So, in Part 2, we left off with the engine and transmission generally fitting where they should go and the upper engine oil pan modified, but it is still a ways from being “installed”. With the upper oil pan modified, the next step is motor mounts. There are a lot of options to do this, but in the end, the original Roadmaster LT1 motor mount was chosen due to it’s low profile and good damping characteristics (smooth). Nothing else that I found puts as much rubber isolation in as small of a space as these OEM mounts.
I don’t remember if the engine side or frame side was done first – I think it was the engine side so we’ll start with that :).
Some simple angle iron brackets were located on whatever holes were available in the block. Some shaping was performed to allow installation with normal tools, allow access to certain other items (block heater for example) and they just look better as well.


Each individual bracket was “notched” to fit the locating tabs on the mount which hold the engine in place while the bolt is installed. Ultimately this ended up not being necessary since it works best to remove the bolts between the mount and frame (less upward motion required to remove the engine), but is a nice touch for assembly.

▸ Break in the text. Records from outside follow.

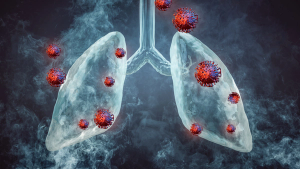 image of lung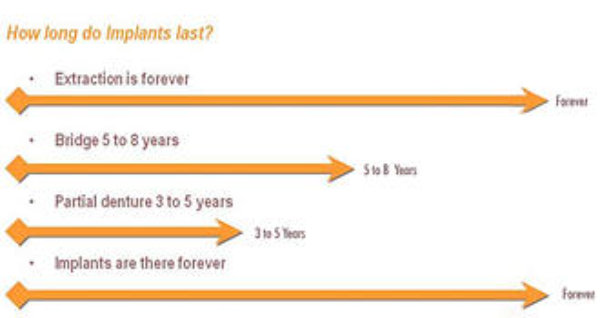 How long do implants last?
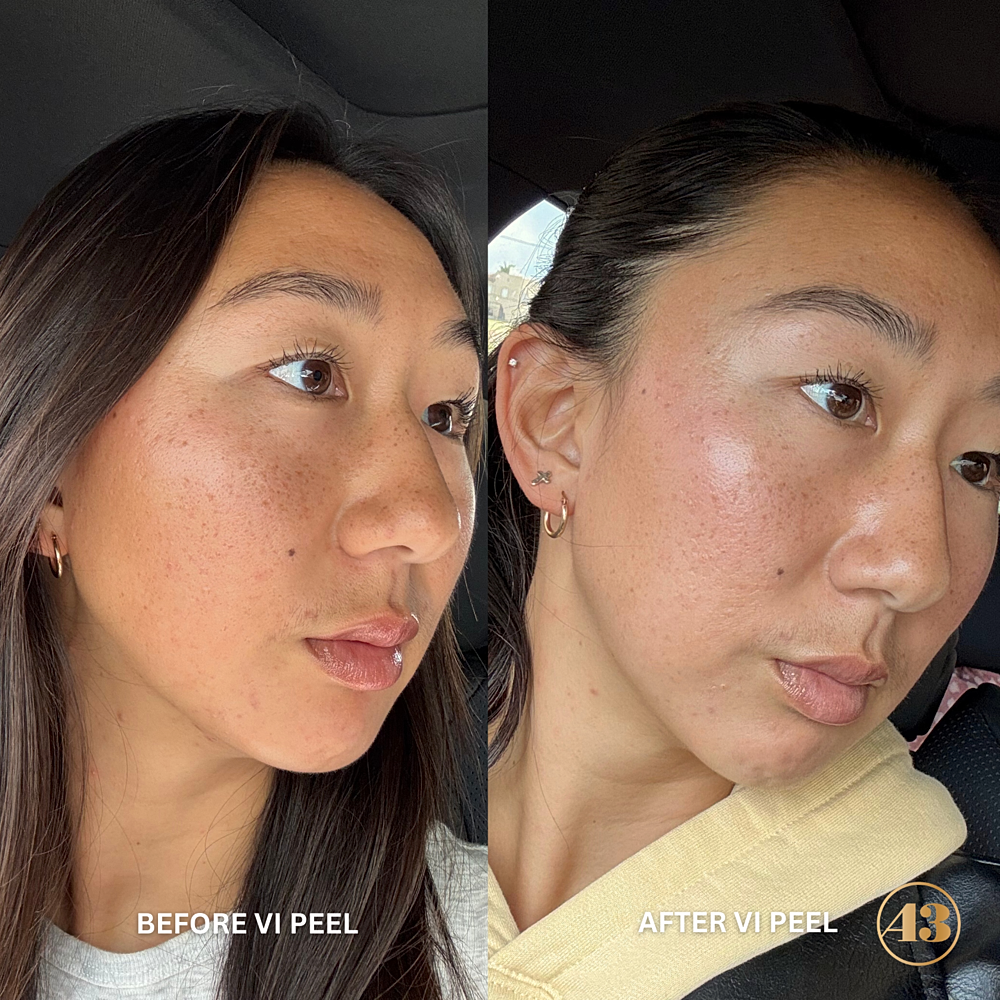 Vi Peel Before & After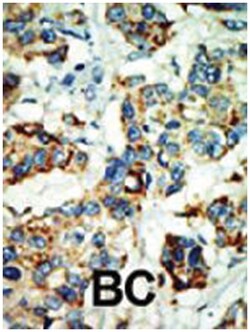 NEK4, Rabbit, Polyclonal Antibody, Abnova 400 &mu;L | Buy Online | Abnova Corporation | Fisher Scientific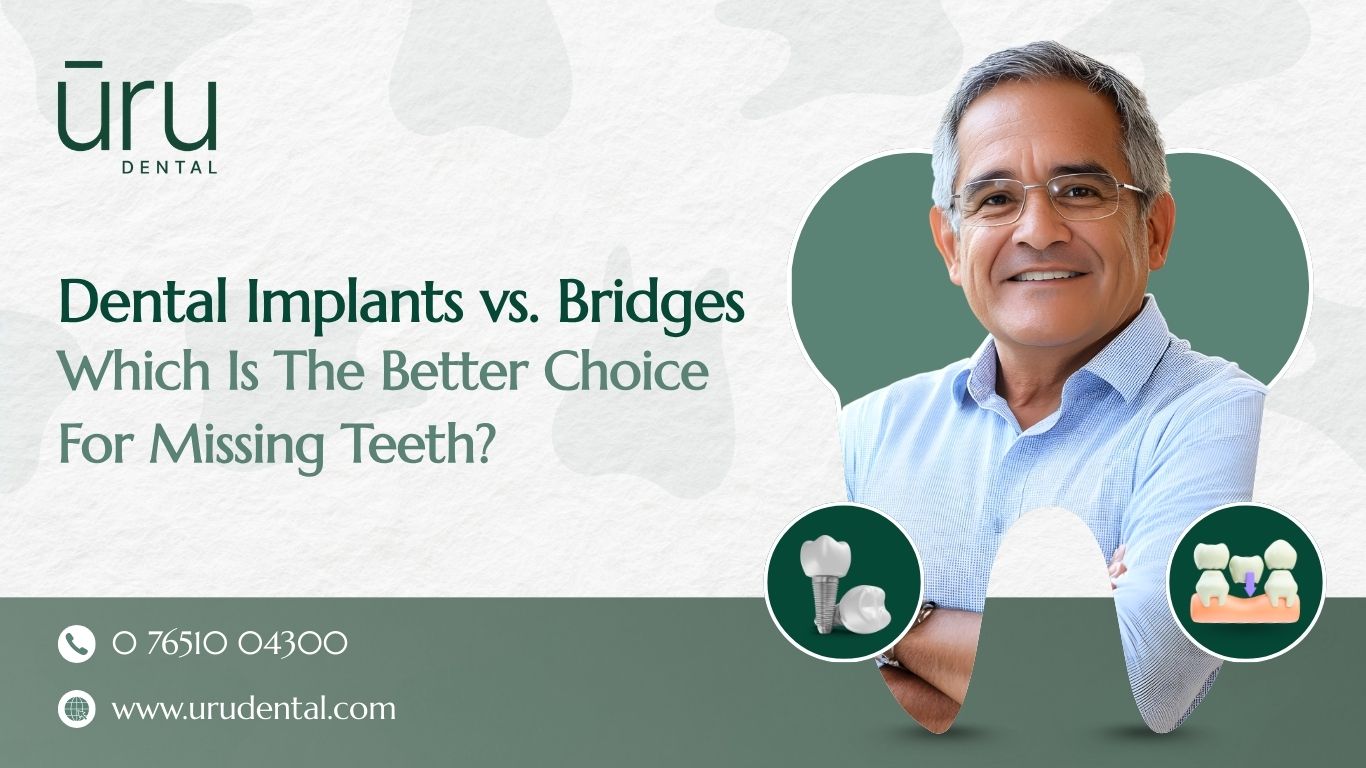 Dental Implants vs. Bridges: Which Is the Better Choice for Missing Teeth?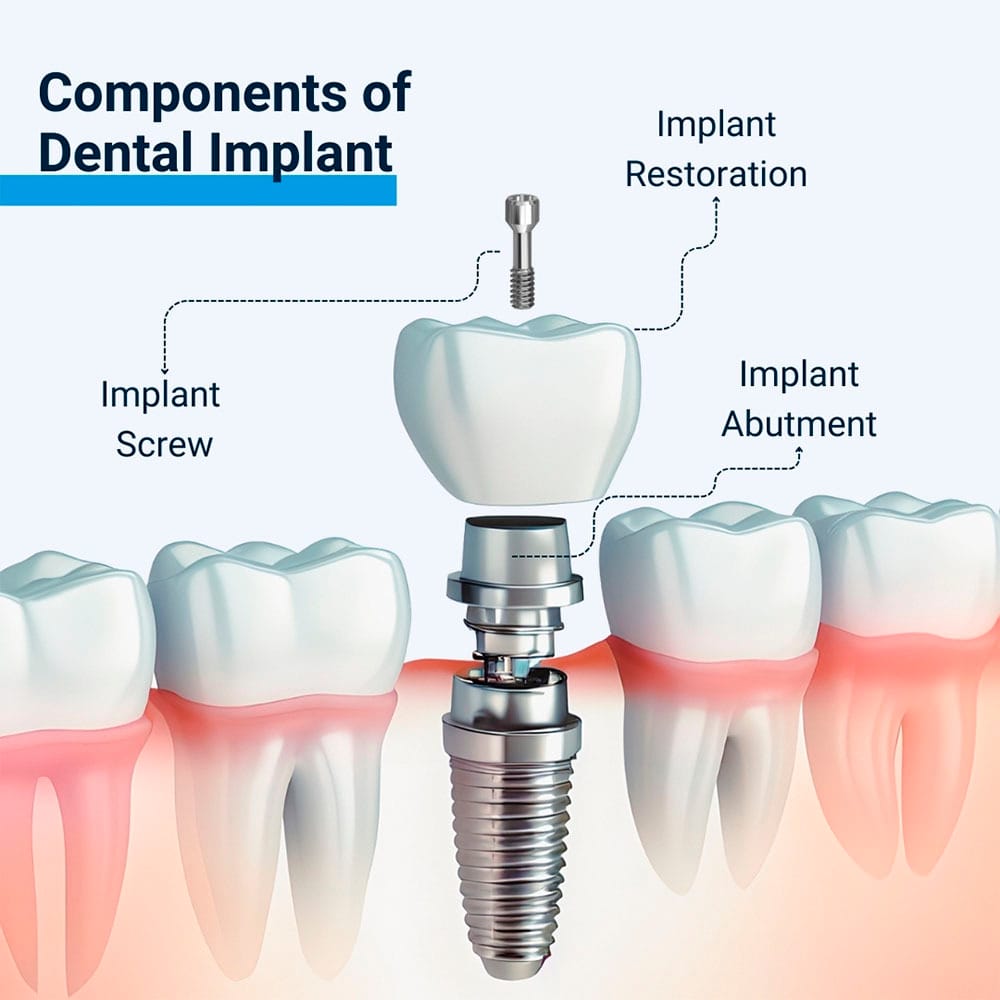 Components of Dental Implant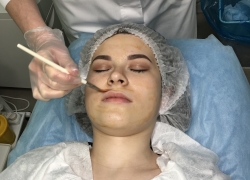 Поверхностный пилинг на основе фруктовых кислот.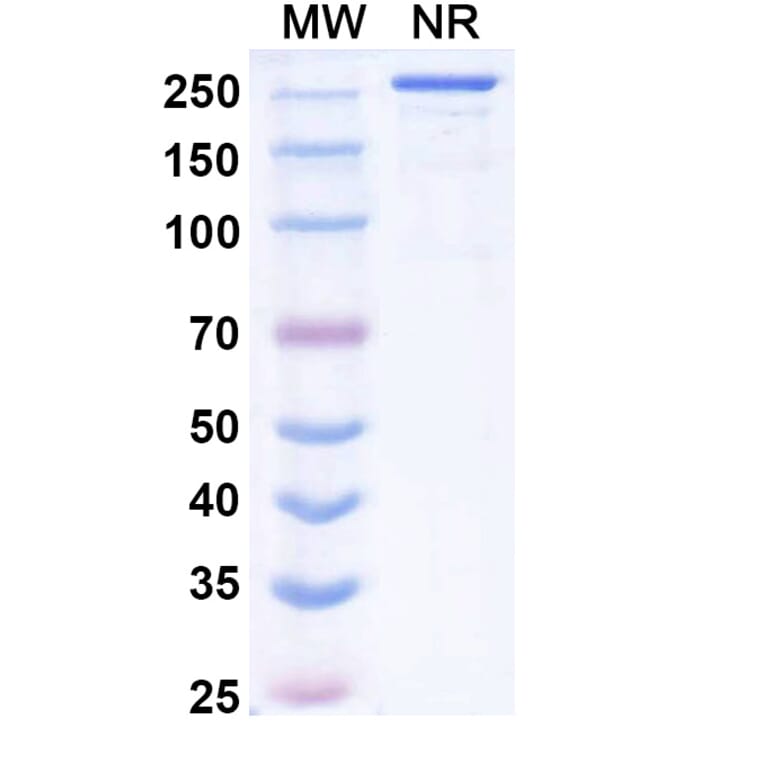 SDS-PAGE - Vilastobart Biosimilar - Anti-CTLA-4 Antibody - BSA and Azide free (A340625) - Antibodies.com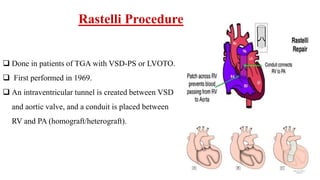 Rastelli Procedure
 Done in patients of TGA with VSD-PS or LVOTO.
 First performed in 1969.
 An intraventricular tunnel is created between VSD
and aortic valve, and a conduit is placed between
RV and PA (homograft/heterograft).
 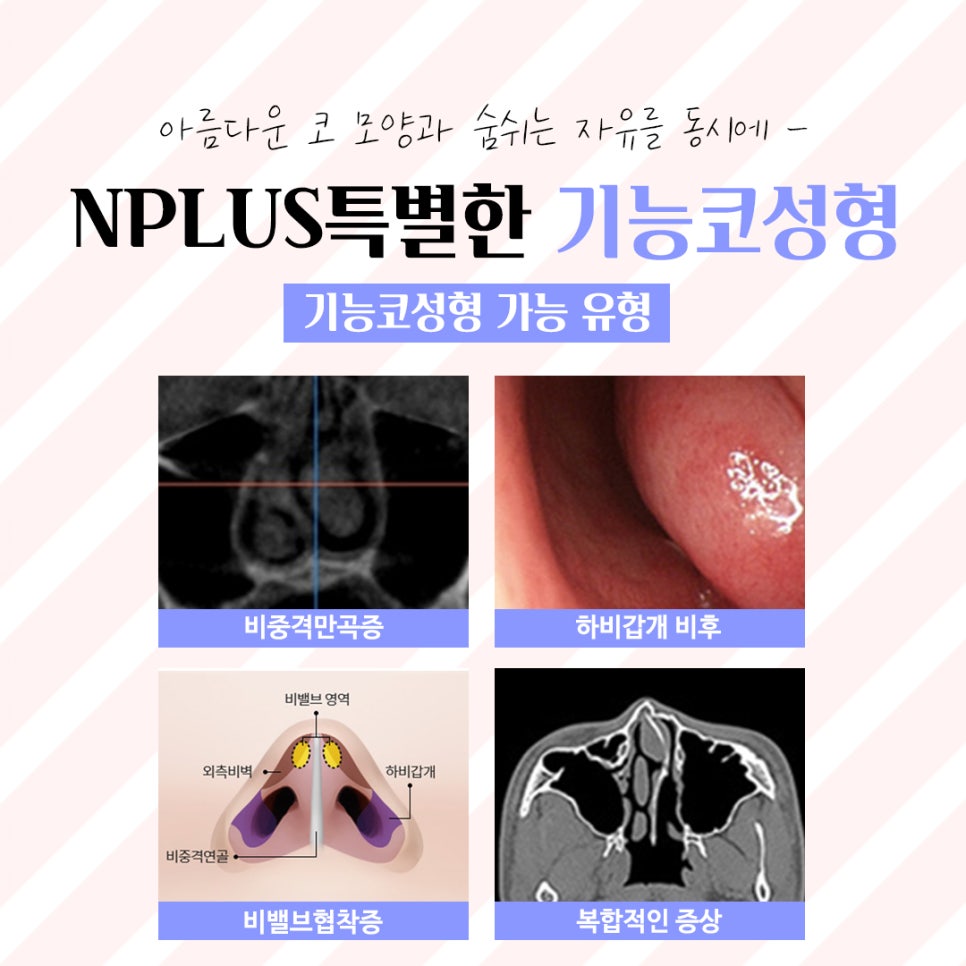 코수술후기에 대해 정확하게 진단하여 관련 이미지 4
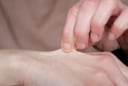 5 giây kiểm tra mức độ lão hóa: Da bao nhiêu tuổi biết ngay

On the frame side, the LT1 used studs to locate the motor mount, but that wasn’t going to be a viable solution here. The engine/trans was set back in the car, adjusted forward/back and left/right to get it where it needed to be, then the holes were transferred from the motor mounts to the frame.
Holes were drilled, chamfered and stainless steel coupling nuts were inserted, TIG welded, then ground flush as shown below.



This allows the motor and mounts to just sit in the valley of the frame and the bolts just hold it in place.
Now that the engine has a home – the transmission need the same. Some 2″ x 2″ x 1/8″ box tube, a bit of angle iron and some time with a sawzall and welder and we had something like this…

Which installs like this…



The crossmember leaves plenty of room on the right side for the exhaust to pass over it and steps up on the left side for mounting a fuel filter and cooler. The crossmember twists out by pushing the left side forward and the right side back until the angle iron flanges clear the frame and it can drop out.
The center of the crossmember was kept low for use as a mounting point for a belly pan/skid plate.